[<prev] [next>] [<thread-prev] [thread-next>] [day] [month] [year] [list]
Message-Id: <3767EFC5-6BBD-4EC5-8E20-5A9A12A56531@collabora.com>
Date: Tue, 1 Jul 2025 12:22:45 -0300
From: Daniel Almeida <daniel.almeida@...labora.com>
To: Danilo Krummrich <dakr@...nel.org>
Cc: Miguel Ojeda <ojeda@...nel.org>,
Alex Gaynor <alex.gaynor@...il.com>,
Boqun Feng <boqun.feng@...il.com>,
Gary Guo <gary@...yguo.net>,
Björn Roy Baron <bjorn3_gh@...tonmail.com>,
Andreas Hindborg <a.hindborg@...nel.org>,
Alice Ryhl <aliceryhl@...gle.com>,
Trevor Gross <tmgross@...ch.edu>,
Greg Kroah-Hartman <gregkh@...uxfoundation.org>,
"Rafael J. Wysocki" <rafael@...nel.org>,
Thomas Gleixner <tglx@...utronix.de>,
Benno Lossin <lossin@...nel.org>,
Bjorn Helgaas <bhelgaas@...gle.com>,
Krzysztof Wilczyński <kwilczynski@...nel.org>,
linux-kernel@...r.kernel.org,
rust-for-linux@...r.kernel.org,
linux-pci@...r.kernel.org
Subject: Re: [PATCH v5 4/6] rust: irq: add support for threaded IRQs and
handlers
Hi Danilo,
>
>> + fn handle(&self) -> ThreadedIrqReturn;
>> +
>> + /// The threaded handler function.

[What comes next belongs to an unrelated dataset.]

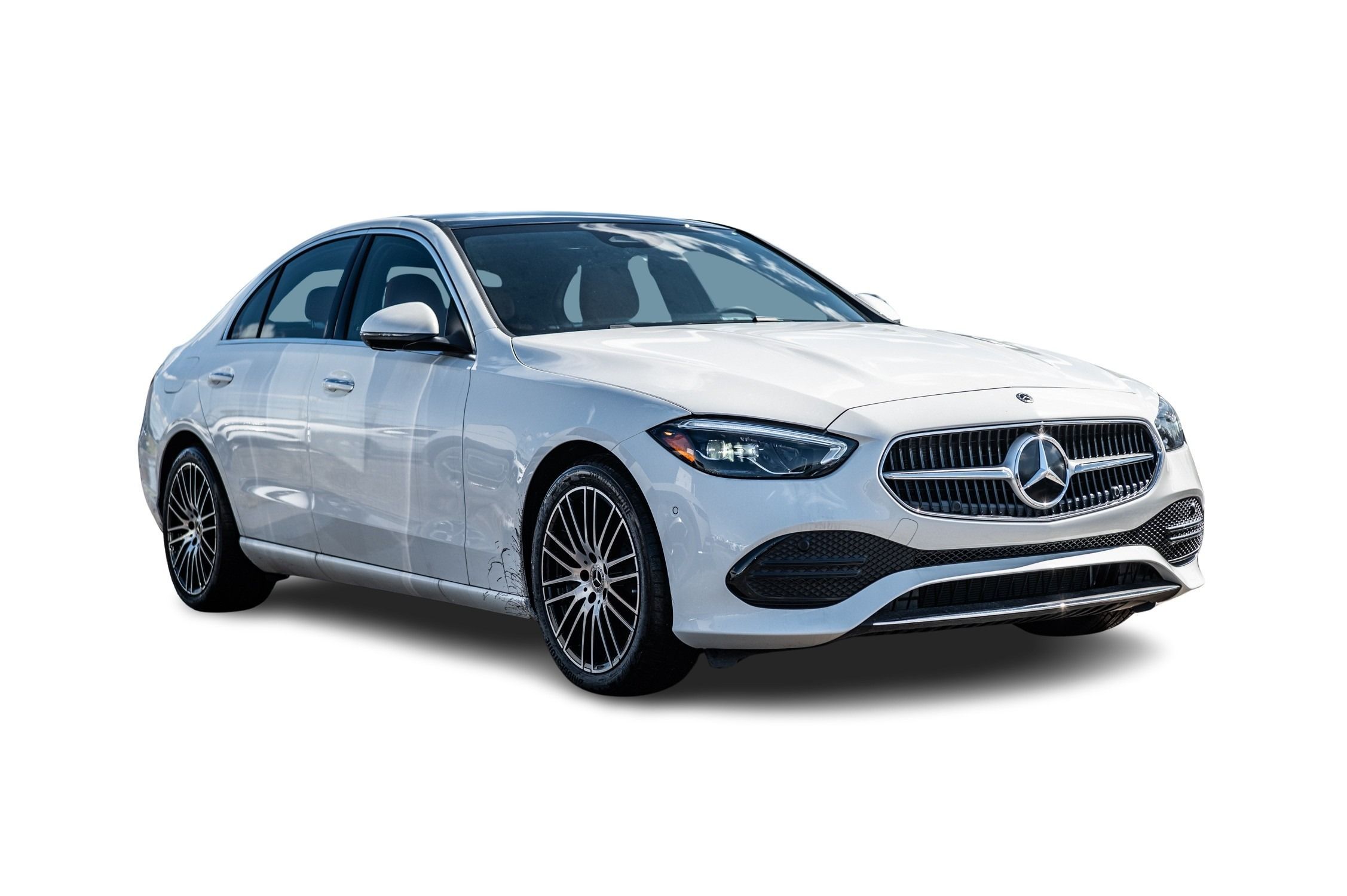2026 Mercedes-Benz C-Class in Dollard-des-Ormeaux, Quebec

This function is called from the irq
>> + /// handler thread, which is automatically created by the system.
>
> /// The threaded IRQ handler.
> ///
> /// This is executed in process context. The kernel creates a dedicated
> /// kthread for this purpose.
>
>> + fn handle_on_thread(&self) -> IrqReturn;
>
> Personally, I'd prefer `handle_threaded()`.
>
Don't you think that handle_on_thread is more expressive? You can derive the
semantics from the name itself, i.e.: "handle an interrupt on a separate
thread". Although handle_threaded should be understandable by all kernel
developers, I think it's slightly more obscure.
In any case, if you still prefer handle_threaded then that's fine with me.